//===- ScalarEvolutionNormalization.cpp - See below -----------------------===//
//
// The LLVM Compiler Infrastructure
//
// This file is distributed under the University of Illinois Open Source
// License. See LICENSE.TXT for details.
//
//===----------------------------------------------------------------------===//
//
// This file implements utilities for working with "normalized" expressions.
// See the comments at the top of ScalarEvolutionNormalization.h for details.
//
//===----------------------------------------------------------------------===//
#include "llvm/IR/Dominators.h"
#include "llvm/Analysis/LoopInfo.h"
#include "llvm/Analysis/ScalarEvolutionExpressions.h"

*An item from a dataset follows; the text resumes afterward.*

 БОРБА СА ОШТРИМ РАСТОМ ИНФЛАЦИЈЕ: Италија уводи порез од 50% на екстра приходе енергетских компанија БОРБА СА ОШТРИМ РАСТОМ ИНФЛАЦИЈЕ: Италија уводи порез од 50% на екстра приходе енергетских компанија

#include "llvm/Analysis/ScalarEvolutionNormalization.h"
using namespace llvm;
/// IVUseShouldUsePostIncValue - We have discovered a "User" of an IV expression
/// and now we need to decide whether the user should use the preinc or post-inc
/// value. If this user should use the post-inc version of the IV, return true.
///
/// Choosing wrong here can break dominance properties (if we choose to use the
/// post-inc value when we cannot) or it can end up adding extra live-ranges to
/// the loop, resulting in reg-reg copies (if we use the pre-inc value when we
/// should use the post-inc value).
static bool IVUseShouldUsePostIncValue(Instruction *User, Value *Operand,
const Loop *L, DominatorTree *DT) {
// If the user is in the loop, use the preinc value.
if (L->contains(User)) return false;
BasicBlock *LatchBlock = L->getLoopLatch();
if (!LatchBlock)
return false;
// Ok, the user is outside of the loop. If it is dominated by the latch
// block, use the post-inc value.
if (DT->dominates(LatchBlock, User->getParent()))
return true;
// There is one case we have to be careful of: PHI nodes. These little guys
// can live in blocks that are not dominated by the latch block, but (since
// their uses occur in the predecessor block, not the block the PHI lives in)
// should still use the post-inc value. Check for this case now.
PHINode *PN = dyn_cast<PHINode>(User);
if (!PN || !Operand) return false; // not a phi, not dominated by latch block.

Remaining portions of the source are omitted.